Work instruction
Exact copy, no pictures: every line from the one that contains "Kelepu Kit di" through the end of the data below, and nothing else.

Supplied material

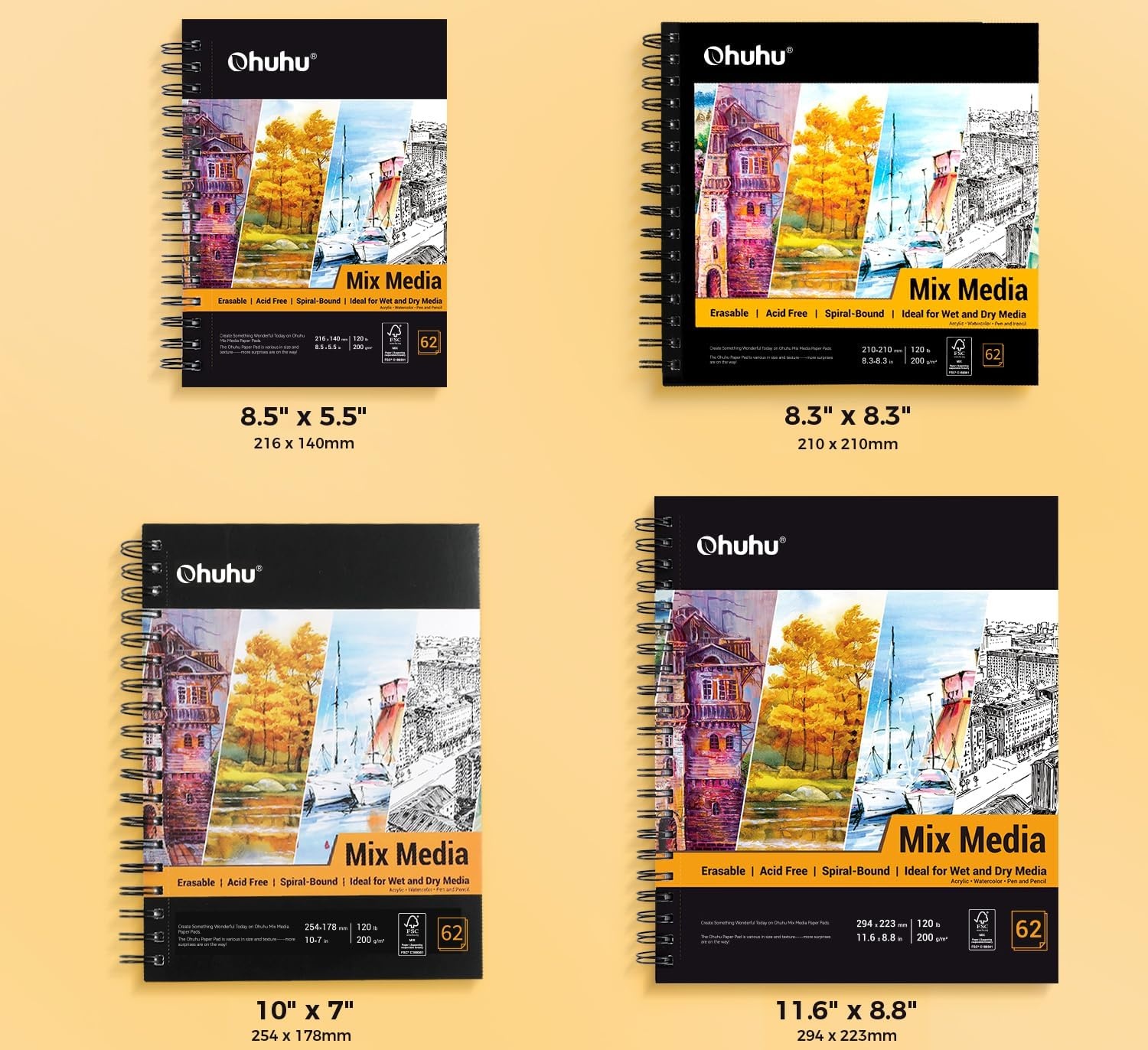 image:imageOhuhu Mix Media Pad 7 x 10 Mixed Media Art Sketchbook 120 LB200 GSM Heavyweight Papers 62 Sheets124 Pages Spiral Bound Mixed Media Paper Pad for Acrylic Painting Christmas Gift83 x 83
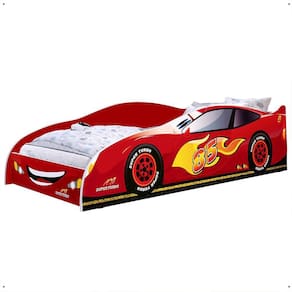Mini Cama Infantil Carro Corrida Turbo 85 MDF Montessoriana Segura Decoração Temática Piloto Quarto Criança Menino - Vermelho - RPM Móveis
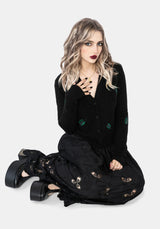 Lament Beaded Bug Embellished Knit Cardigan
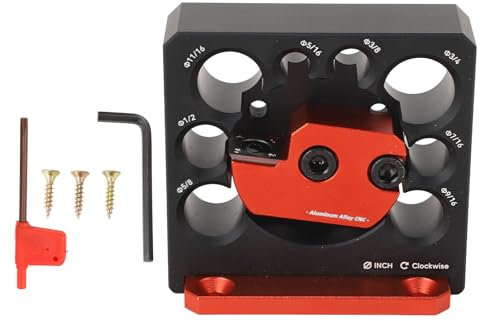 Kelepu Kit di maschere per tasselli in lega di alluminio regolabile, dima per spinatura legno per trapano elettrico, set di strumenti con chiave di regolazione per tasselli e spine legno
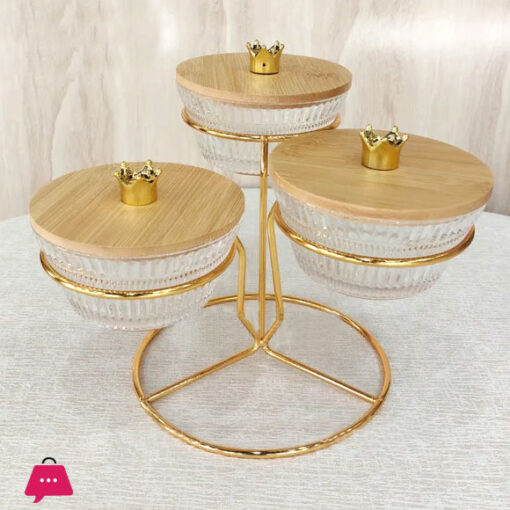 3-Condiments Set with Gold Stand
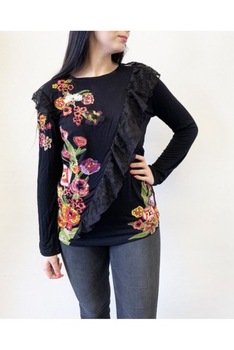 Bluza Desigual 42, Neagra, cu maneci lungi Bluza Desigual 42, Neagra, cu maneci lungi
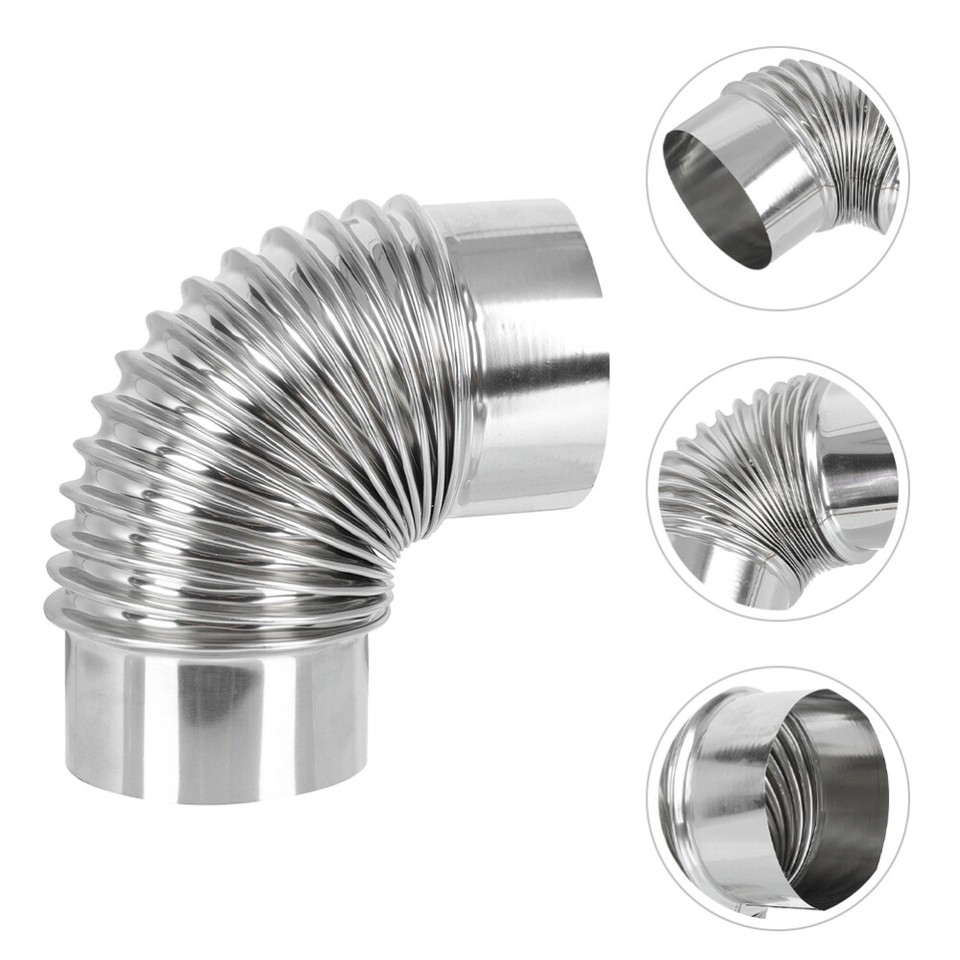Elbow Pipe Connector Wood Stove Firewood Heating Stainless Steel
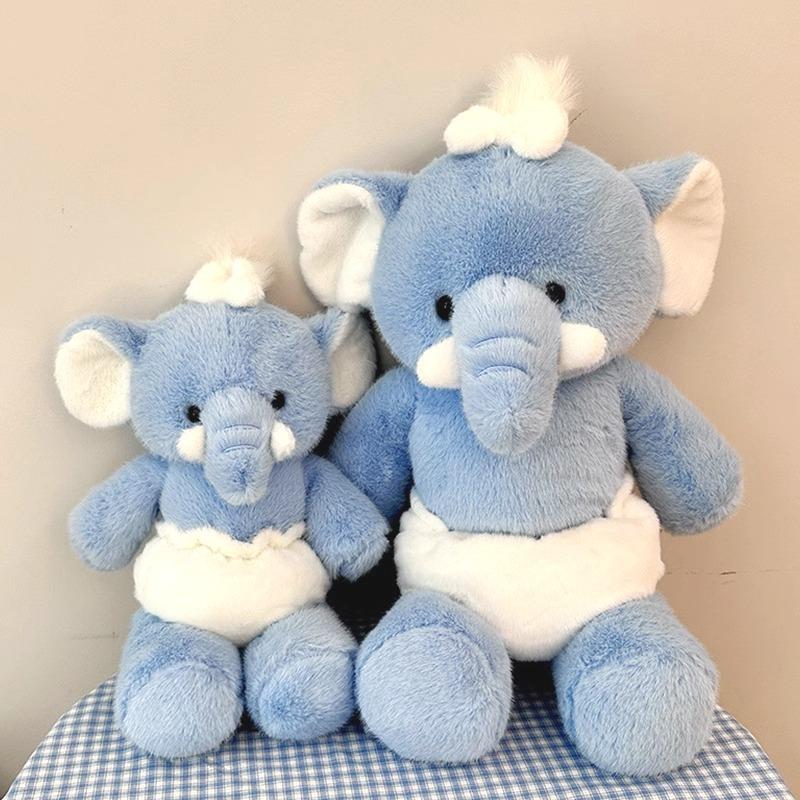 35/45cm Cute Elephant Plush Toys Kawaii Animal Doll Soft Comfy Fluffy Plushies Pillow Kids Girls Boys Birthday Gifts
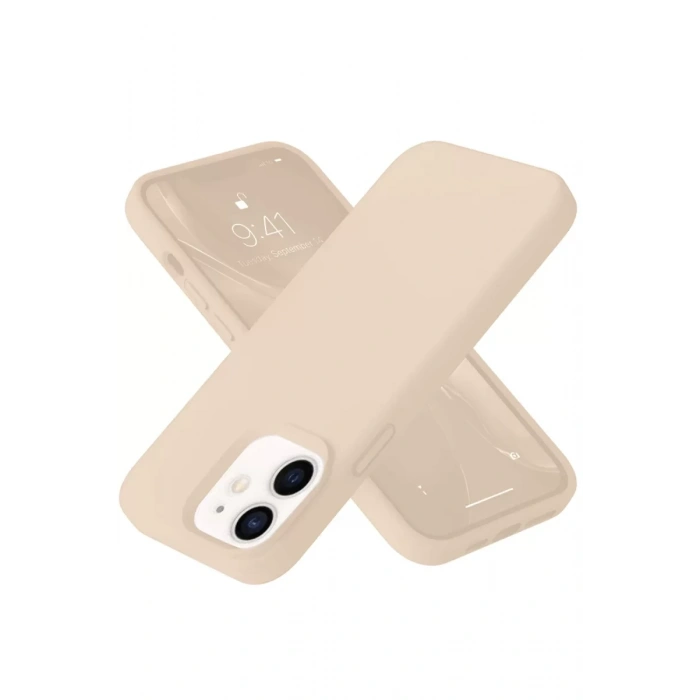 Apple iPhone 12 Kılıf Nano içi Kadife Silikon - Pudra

Written answer
 Kelepu Kit di maschere per tasselli in lega di alluminio regolabile, dima per spinatura legno per trapano elettrico, set di strumenti con chiave di regolazione per tasselli e spine legno
 3-Condiments Set with Gold Stand
 Bluza Desigual 42, Neagra, cu maneci lungi Bluza Desigual 42, Neagra, cu maneci lungi
Elbow Pipe Connector Wood Stove Firewood Heating Stainless Steel
 35/45cm Cute Elephant Plush Toys Kawaii Animal Doll Soft Comfy Fluffy Plushies Pillow Kids Girls Boys Birthday Gifts
 Apple iPhone 12 Kılıf Nano içi Kadife Silikon - Pudra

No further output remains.